Ce que ça ne dit pas
C’est un pilote (n = 11), hommes seulement, séance unique par condition. On ne conclut pas à une stratégie optimale pour l’hypertrophie sur 12 semaines, ni pour les femmes, ni pour les seniors. La créatine « classique » (3 à 5 g/jour au long cours) reste le socle documenté pour les adaptations chroniques ; ici, on parle d’un effet de timing sur la performance du jour.
Sans charge préalable, une dose unique peut déjà modifier la force de la séance chez des sujets actifs. Cela n’invalide pas la saturation musculaire progressive des protocoles habituels ; cela suggère qu’en plus du stock, le moment de la prise du jour peut compter pour la charge soulevée.
Traduction pratique pour la salle
Si vous utilisez déjà la créatine au quotidien :
- garder une dose journalière régulière (souvent 3-5 g) ;
- le jour de musculation lourde, placer une partie de la dose avant la séance plutôt qu’uniquement après, si votre estomac le tolère ;
- hydratation correcte, pas de course au « loading » agressif sans intérêt personnel clair.
La créatine reste l’un des compléments les mieux étudiés en sport. Ce pilote affine le timing aigu, sans remplacer la constance sur plusieurs semaines.
Limites digestives et rénales
Les sujets étaient sains et actifs. Toute personne avec pathologie rénale connue doit en parler à son médecin avant supplémentation.

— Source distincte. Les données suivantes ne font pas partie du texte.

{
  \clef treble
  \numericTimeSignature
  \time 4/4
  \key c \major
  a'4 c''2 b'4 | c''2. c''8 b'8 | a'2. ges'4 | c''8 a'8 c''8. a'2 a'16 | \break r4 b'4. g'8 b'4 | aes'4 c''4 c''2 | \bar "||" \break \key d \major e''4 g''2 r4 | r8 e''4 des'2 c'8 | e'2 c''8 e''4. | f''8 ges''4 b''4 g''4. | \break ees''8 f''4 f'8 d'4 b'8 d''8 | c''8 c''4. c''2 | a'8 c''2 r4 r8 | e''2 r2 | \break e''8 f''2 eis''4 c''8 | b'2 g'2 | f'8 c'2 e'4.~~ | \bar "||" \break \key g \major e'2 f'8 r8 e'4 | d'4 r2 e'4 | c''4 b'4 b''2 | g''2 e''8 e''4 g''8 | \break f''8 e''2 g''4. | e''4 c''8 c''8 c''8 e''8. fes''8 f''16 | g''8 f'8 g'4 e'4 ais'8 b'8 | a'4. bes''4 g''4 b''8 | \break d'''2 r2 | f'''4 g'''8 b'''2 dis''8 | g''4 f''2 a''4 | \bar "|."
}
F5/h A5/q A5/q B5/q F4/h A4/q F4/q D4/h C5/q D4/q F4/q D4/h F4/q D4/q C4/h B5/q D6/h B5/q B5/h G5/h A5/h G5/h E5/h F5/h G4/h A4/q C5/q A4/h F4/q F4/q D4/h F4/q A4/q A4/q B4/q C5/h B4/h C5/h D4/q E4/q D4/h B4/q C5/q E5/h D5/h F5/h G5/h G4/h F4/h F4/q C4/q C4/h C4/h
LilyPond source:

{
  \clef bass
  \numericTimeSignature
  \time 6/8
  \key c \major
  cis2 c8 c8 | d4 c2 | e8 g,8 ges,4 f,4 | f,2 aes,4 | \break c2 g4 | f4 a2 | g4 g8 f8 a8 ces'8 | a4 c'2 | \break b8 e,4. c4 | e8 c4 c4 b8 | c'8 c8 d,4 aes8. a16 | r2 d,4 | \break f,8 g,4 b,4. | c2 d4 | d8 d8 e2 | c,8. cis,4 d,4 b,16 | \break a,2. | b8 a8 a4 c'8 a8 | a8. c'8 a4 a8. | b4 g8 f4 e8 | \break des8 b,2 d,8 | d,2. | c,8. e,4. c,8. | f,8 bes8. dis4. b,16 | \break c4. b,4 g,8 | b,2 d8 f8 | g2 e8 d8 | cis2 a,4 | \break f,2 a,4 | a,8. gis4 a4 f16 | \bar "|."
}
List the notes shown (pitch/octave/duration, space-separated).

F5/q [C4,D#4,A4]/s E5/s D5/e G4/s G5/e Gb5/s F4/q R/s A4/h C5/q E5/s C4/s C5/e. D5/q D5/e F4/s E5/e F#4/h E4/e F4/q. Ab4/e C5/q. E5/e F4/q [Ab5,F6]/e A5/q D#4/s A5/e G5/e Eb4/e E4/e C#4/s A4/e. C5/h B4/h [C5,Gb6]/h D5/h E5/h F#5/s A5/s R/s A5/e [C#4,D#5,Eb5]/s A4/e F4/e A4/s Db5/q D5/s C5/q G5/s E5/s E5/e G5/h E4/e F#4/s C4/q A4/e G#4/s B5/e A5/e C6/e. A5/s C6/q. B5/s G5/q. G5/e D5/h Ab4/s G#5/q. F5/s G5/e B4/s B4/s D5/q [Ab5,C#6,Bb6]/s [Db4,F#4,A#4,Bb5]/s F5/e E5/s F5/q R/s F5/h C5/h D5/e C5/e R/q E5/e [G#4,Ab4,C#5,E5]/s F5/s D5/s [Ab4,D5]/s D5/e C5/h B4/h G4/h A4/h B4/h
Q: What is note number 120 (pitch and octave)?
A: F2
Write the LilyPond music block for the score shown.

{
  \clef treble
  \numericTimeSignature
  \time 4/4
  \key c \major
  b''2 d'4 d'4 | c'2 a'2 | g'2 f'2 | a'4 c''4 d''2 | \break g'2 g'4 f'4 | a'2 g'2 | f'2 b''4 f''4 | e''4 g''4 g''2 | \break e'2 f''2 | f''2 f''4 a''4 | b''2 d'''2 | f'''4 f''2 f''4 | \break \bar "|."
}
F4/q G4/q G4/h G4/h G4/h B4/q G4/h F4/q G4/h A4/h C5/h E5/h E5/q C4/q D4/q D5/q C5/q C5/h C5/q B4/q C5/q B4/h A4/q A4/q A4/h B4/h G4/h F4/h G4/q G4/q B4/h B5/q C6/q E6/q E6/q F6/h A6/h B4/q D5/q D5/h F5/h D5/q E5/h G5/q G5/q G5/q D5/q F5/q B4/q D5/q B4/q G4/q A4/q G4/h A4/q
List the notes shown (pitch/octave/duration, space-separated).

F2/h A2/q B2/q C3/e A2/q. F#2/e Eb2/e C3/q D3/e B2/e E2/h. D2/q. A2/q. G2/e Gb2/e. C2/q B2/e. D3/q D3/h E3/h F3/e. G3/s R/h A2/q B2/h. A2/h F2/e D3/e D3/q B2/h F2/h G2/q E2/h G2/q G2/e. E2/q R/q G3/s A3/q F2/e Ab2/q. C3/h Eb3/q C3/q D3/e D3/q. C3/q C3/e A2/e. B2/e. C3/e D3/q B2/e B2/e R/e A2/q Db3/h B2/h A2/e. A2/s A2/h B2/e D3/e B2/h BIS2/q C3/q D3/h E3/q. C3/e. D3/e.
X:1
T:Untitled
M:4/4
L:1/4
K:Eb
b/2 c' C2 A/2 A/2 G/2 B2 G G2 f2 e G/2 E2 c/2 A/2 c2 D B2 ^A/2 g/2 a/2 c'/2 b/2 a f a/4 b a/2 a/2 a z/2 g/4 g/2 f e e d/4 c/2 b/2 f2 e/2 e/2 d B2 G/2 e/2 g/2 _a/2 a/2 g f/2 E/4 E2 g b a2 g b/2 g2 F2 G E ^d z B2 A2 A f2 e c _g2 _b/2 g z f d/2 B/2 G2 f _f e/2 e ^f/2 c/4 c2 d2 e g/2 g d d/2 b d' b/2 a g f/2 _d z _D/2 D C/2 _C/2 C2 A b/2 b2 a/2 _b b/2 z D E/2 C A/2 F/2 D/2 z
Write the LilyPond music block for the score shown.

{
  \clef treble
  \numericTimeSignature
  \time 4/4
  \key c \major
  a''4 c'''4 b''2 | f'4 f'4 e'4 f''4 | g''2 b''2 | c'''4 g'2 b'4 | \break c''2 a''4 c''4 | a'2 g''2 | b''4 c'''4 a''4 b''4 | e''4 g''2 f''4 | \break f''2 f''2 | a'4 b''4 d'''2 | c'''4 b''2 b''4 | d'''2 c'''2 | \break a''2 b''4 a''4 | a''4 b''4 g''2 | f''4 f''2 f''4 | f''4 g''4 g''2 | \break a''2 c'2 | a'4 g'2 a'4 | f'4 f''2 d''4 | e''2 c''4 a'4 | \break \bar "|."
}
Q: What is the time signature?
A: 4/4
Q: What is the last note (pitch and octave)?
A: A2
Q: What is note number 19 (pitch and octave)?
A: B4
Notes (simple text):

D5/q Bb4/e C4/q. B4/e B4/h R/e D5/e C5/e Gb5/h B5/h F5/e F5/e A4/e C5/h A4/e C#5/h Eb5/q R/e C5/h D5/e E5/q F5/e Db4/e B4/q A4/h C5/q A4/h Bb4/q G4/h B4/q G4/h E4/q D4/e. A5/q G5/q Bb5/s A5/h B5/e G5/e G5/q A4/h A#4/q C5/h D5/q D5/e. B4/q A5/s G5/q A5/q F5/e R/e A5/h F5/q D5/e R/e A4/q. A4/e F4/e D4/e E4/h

Une créatinine un peu plus haute sous créatine reflète souvent le turn-over de créatine, pas forcément une lésion : l’interprétation biologique demande du contexte.
Force du jour, adaptation du mois
Pour progresser, la charge progressive, le sommeil et les protéines alimentaires pèsent plus qu’un minutage parfait. Mais si l’objectif du jour est de soulever un peu plus à 80 % du max, ce croisement place la prise pré-exercice devant les options pendant et après. Utile à tester, mesurable au carnet de charges, sans mythologie.